TASK INSTRUCTIONS
Search the material for the string "wooden", then show every line where it turns up.
↓↓↓
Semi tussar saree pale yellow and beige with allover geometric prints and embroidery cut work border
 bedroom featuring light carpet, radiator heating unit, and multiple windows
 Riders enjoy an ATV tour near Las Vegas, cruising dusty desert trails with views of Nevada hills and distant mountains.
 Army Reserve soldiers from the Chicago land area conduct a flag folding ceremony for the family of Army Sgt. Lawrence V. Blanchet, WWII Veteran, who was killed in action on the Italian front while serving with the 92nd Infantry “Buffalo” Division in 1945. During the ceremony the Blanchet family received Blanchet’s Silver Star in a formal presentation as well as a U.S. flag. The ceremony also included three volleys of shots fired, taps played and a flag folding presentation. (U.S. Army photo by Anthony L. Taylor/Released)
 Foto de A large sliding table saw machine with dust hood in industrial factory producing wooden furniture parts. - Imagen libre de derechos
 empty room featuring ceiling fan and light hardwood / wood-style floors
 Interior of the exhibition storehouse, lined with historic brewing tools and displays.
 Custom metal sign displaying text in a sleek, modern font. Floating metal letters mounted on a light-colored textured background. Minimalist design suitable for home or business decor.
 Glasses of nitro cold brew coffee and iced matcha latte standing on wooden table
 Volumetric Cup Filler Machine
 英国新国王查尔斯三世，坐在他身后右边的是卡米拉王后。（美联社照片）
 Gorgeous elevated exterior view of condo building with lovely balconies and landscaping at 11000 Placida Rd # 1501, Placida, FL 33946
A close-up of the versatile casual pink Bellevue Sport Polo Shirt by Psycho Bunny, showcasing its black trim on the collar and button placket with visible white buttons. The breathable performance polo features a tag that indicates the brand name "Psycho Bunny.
↑↑↑
ANSWER TO THIS TASK
 Foto de A large sliding table saw machine with dust hood in industrial factory producing wooden furniture parts. - Imagen libre de derechos
 Glasses of nitro cold brew coffee and iced matcha latte standing on wooden table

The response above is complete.